Here and now, we can’t know why. We don’t even know who let the bomb off or how it burnt the sky, let alone any celestial influences that might have been at play. There has been too much surviving to do for ethereal distractions.


I often thought that my name was ironic, considering my apathy towards religion. At least I didn’t completely rebel against it like my sister did with her name, but calling a girl ‘Chastity’ is asking for trouble. I never went to the lengths that she did to get away from the expectations.

It’s not that I don’t believe there’s a God; it’s just that He’s not a big part of my life. Yesterday wouldn’t normally hold a lot of significance for me. I know what it celebrates (the Christian reason, not just the chocolate and chicks), but it’s not a holiday that held any meaning for me before. Thinking about it now, I can feel a little catch in my chest. I look at it differently after last night.

Sax is one of those private, strong Christians, the sort of person that you never think of in terms of religion until he suddenly comes out with something beautiful and profound. That’s what he did. He sat down with us at dinner and asked if we would mind if he said Grace, out of the blue.

No-one has ever said Grace over our meals before. No objections surfaced, not even from the bowels of Masterson’s displeasure, so Sax nodded and began. I know I can’t do his speech justice, but I will try to capture a little of the magic he gave us.


Today, millennia ago, a promise to us was fulfilled.

Even after a terrible thing – the worst that anyone could imagine – had happened, proof that healing was possible showed itself. Life returned to a body that was supposed to be dead. Hope returned to walk among us. Grace was within reach of our eyes and ears again.

Now, so many years later, that example still speaks to us. Life continues where death reigns. Hope drives us forwards. Grace is there for those who are looking for it.

It is this knowledge that keeps us strong in the dark times. It is this story that helps us believe that healing will come. Each of us will find our own form of resurrection, even if it seems far too late.

None of us is alone, and none of us is truly lost.

Each of us will find our own grace.


As prayers go, it’s a strange one, but it touched us. It left a hush in its wake, its words hanging in the air and seeping into all of us. It sank into into our heads, greeted our memories, and made itself at home. I wasn’t the only one blinking back the urge to cry.

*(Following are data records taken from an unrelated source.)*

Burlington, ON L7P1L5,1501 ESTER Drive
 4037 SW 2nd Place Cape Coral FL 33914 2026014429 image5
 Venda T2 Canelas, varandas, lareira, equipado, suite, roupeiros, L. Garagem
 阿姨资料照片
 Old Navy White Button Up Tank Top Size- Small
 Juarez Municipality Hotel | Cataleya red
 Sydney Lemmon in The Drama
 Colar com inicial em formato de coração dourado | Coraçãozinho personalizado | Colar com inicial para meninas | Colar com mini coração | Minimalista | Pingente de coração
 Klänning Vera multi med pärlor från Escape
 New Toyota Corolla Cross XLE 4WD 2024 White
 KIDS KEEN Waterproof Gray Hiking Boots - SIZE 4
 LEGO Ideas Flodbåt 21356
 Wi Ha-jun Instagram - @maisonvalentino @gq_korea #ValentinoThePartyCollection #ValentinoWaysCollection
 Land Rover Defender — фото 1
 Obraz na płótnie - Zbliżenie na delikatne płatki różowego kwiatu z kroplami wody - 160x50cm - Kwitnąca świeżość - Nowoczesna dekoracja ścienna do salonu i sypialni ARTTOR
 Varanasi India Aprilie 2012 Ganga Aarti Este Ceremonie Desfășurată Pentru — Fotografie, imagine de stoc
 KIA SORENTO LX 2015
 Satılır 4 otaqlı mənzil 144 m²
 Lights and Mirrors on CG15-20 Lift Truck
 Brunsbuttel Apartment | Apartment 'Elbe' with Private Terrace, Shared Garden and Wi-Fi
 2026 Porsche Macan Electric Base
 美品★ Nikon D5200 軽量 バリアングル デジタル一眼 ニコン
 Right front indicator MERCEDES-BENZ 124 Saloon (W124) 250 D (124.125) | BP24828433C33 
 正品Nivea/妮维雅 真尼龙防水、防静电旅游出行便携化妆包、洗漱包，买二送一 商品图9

Masterson broke the reverence. He didn’t say anything; he just stood up and walked out. The words touched too close to his loss and drove him away.

His departure brought my head up and made me notice my new family again. Sax sat with his eyes closed, adding private words to those he shared with us. For his daughter. Ben was tight-lipped, holding back the storm in his head and the pain in his chest. Thorpe had his head tilted in such a way that his face was unreadable, but I knew that Trevor was on his mind. Alice touched the bandage covering the missing half of her face until she realised that it betrayed her thoughts, and then reached for her plate. Matt was staring at his food, his jaw taut and his arms wrapped around himself. Nugget looked at me for permission and took her plate up when I nodded, as solemn as always. Sally slipped away from the group to go after Masterson, and I realised what her bracelet was as she passed me: the wrap of beads around her wrist had a tiny cross suspended from the end, caught up between her fingers. I didn’t know she was Catholic until then. Dillon gazed around with eyes that didn’t know what to think of it all; I think we shared the same expression until we saw each other.

One by one, we picked up our food and ate. No-one said anything. Masterson and Sally came back after a while and joined us. He was a palpably boiling presence but he held his tongue. It wasn’t until the plates were cleared that we began to sit back and murmur to one another again.

Our world ended on the day that a certain man was born. Now, we find comfort in the day he came back to life. It makes a graceful sense.